Another low-cost alternative to department stores, Mervyns started out selling cheap goods in San Lorenzo in 1949, added a second store in Fremont in 1962 and by the late ’70s had grown to more than 50 stores. Target Corp. acquired the company in 1978 but decided to sell it in 2004 to concentrate on its Target brand.
Upon placing Mervyns for sale, Target learned that the potential buyers wanted its valuable real estate, not its tired retail concept. Target decided, however, that it would not sell to any buyer who would kill the company and sell off its parts like a Third World organ trafficker. To protect Mervyns’ 30,000 employees, Target announced it would sell only to those who would continue to operate the business.
A private equity group consisting of Sun Capital Partners, Cerebus Capital Management and real estate investor Lubert-Adler apparently agreed to these terms, and the sale closed in July 2004.
Despite their promises to Target, Mervyns’ new owners promptly began closing stores, first in Minnesota, then the South and the Midwest. The store closures continued until, by 2008, Mervyns was in a death-spiral that ended in bankruptcy liquidation with the shuttering of all of its stores.

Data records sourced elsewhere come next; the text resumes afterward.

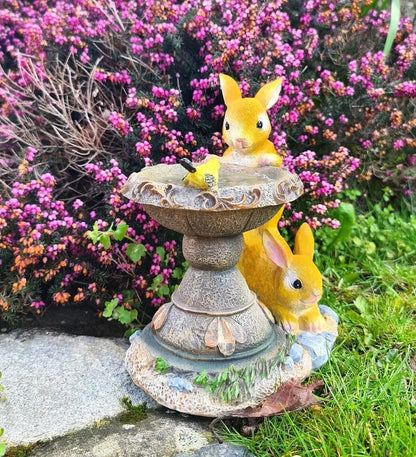 Two yellow rabbit statues on a stone pedestal with pink flowers in the background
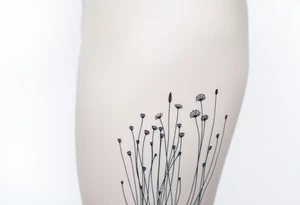 A field with long grass and flowers with mountains in the background tattoo idea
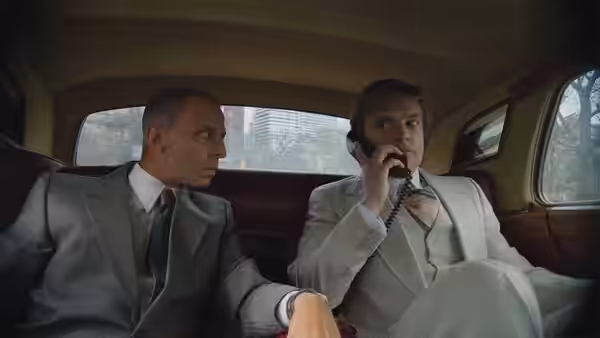 Donald Trump (Sebastian Stan) speaks on the phone while riding in a car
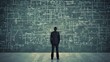© photolas - A daunting task, finding a solution a concept. A young businessman stands in front of a dark wall scribbled with complex calculations.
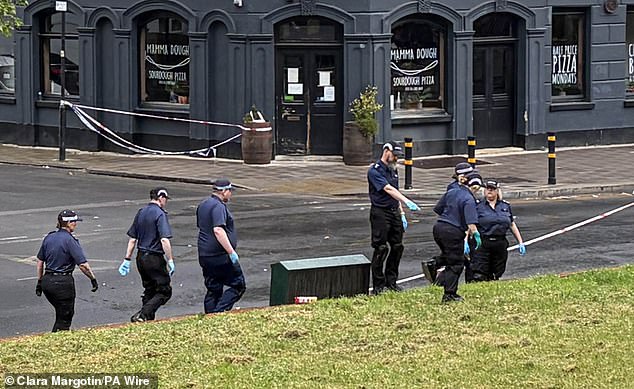 Police searching near the scene after four people were taken to hospital with gunshot wounds in Brixton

What makes Mervyns’ dismal fate stand out so much among retailers crushed by private equity is the difference between manslaughter and murder one—that is, the difference between gross negligence and ice-cold premeditation. Mervyns wasn’t killed in some drunken joyride; it was tortured and poisoned. Immediately after acquiring the company, the new owners split Mervyns into two companies, one that would own all of the real estate and the other that would lease the real estate from the first and then operate the department stores. This tactic isn’t new; it even has a nickname on Wall Street—“opco/propco,” short for operating company and property company.
The owners of Mervyns’ property company signed new long-term leases with themselves as the owners of the operating company. The lease terms were, it appears, industry standard except for the most basic term—the rent. The rent was so high that a wounded zebra like Mervyns had no chance of ever successfully operating its stores.
As soon as the signatures on the leases were dry, the Mervyns property company put its department stores on the market for sale as solid investments, somehow convincing buyers that the operating company tenant was solid and the income stream safe. While many of the buyers were major players and should have known better, some were not. One family in Tempe, Arizona traded its inheritance—an apartment project—into a Mervyns that is vacant to this day.
That Mervyns may have failed anyway is a distinct possibility; it was under siege from better, nimbler competitors, notably Kohl’s Corp. That Sun, Cerebus and Lubert tried to run the company as a going concern instead of a chop shop is also a possibility; they did after all hire a series of retail-savvy CEOs to run the company.
Yet possibilities are often more pleasant to contemplate than certainties. What is certain is that this troika financed its acquisition of Mervyns by borrowing heavily against the company’s own real estate (i.e. they badly over-leveraged the company) and that they made all of their money, hundreds of millions, not in operating Mervyns but in selling their own artificially-inflated leases. What also is certain is that everyone else who had anything to do with Mervyns—employees, vendors, suppliers and landlords—lost money, sometimes everything they had. Thousands of Mervyns’ life-long employees lost not only their jobs but also their pensions. (That corporate raiders can loot employee pension funds without going to jail is a great crime.)
Thanks to the miracle of our bankruptcy laws, Sun, Cerebus and Lupert were able to squeeze every drop of blood from the company, wait a few months and then walk away from the blanched carcass, leaving its creditors bewildered. If a firestorm of protest ever blazes into an American Bastille, actions like this will be among its matches.